**Aim of the exercise**
Please restate each line of the material word for word and omit any pictures.
*** Data shown
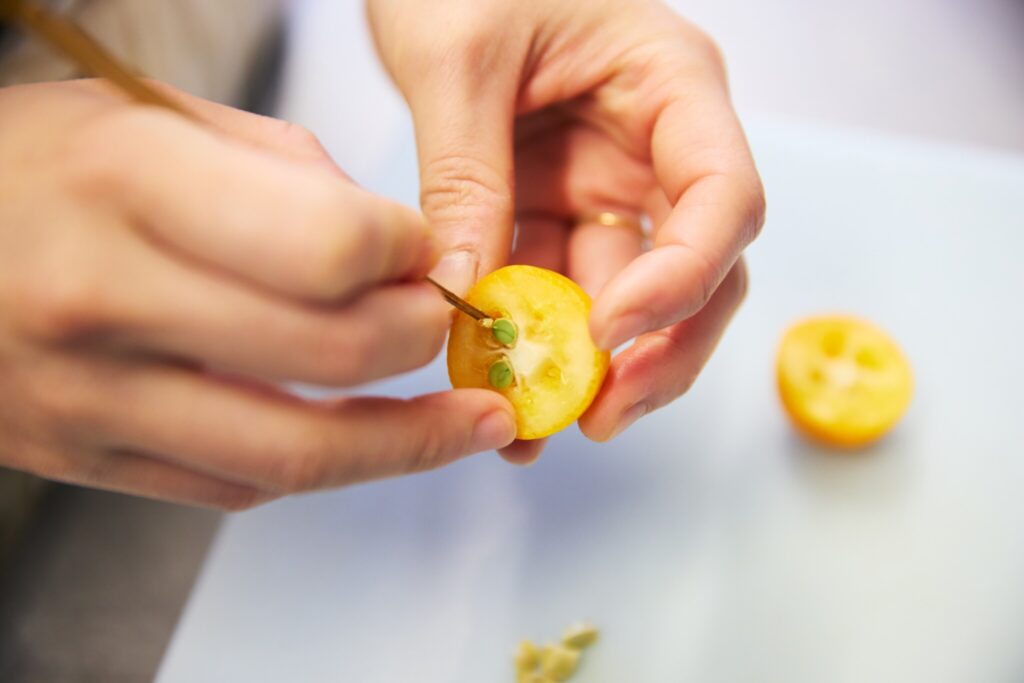 6 せりと金柑の白和え/おべんと屋さん〈75foods〉吉森なな子のレシピ帖 #10 | 楊枝などの細い棒を使うと種が取りやすいです。 6 せりと金柑の白和え/おべんと屋さん〈75foods〉吉森なな子のレシピ帖 #10 | 楊枝などの細い棒を使うと種が取りやすいです。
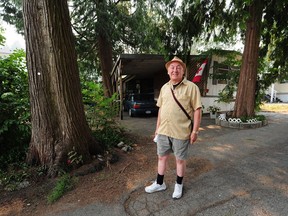 Richard Lansdale at a stand of trees he says are about 400 years old.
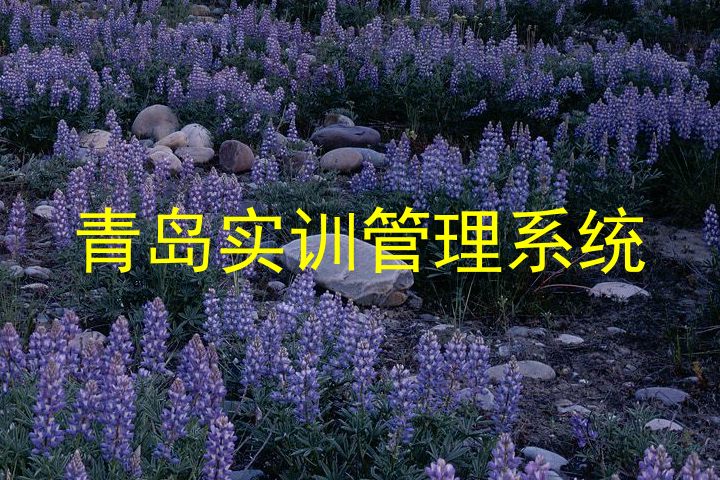 青岛实训管理系统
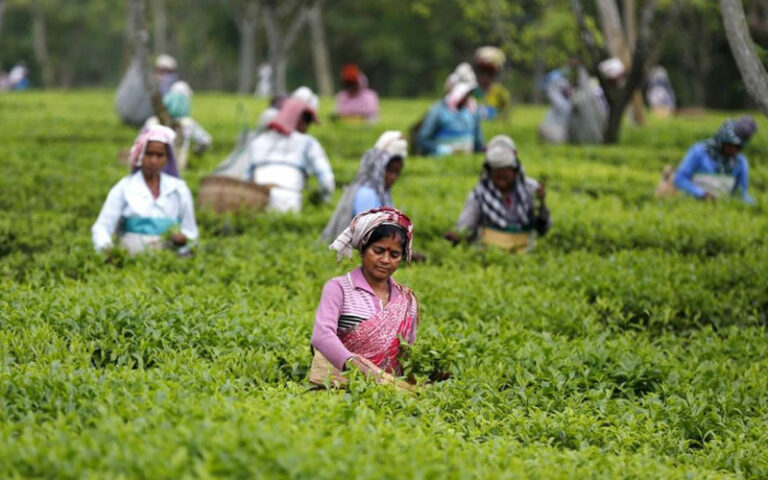 ಬಹುಜನ ಭಾರತ: ಚಹಾ ತೋಟಗಳ ನವಗುಲಾಮಗಿರಿಯಲ್ಲಿ ನರಳಿರುವ ಆದಿವಾಸಿಗಳು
******
**Output of the exercise**
 6 せりと金柑の白和え/おべんと屋さん〈75foods〉吉森なな子のレシピ帖 #10 | 楊枝などの細い棒を使うと種が取りやすいです。 6 せりと金柑の白和え/おべんと屋さん〈75foods〉吉森なな子のレシピ帖 #10 | 楊枝などの細い棒を使うと種が取りやすいです。
 Richard Lansdale at a stand of trees he says are about 400 years old.
 青岛实训管理系统
 ಬಹುಜನ ಭಾರತ: ಚಹಾ ತೋಟಗಳ ನವಗುಲಾಮಗಿರಿಯಲ್ಲಿ ನರಳಿರುವ ಆದಿವಾಸಿಗಳು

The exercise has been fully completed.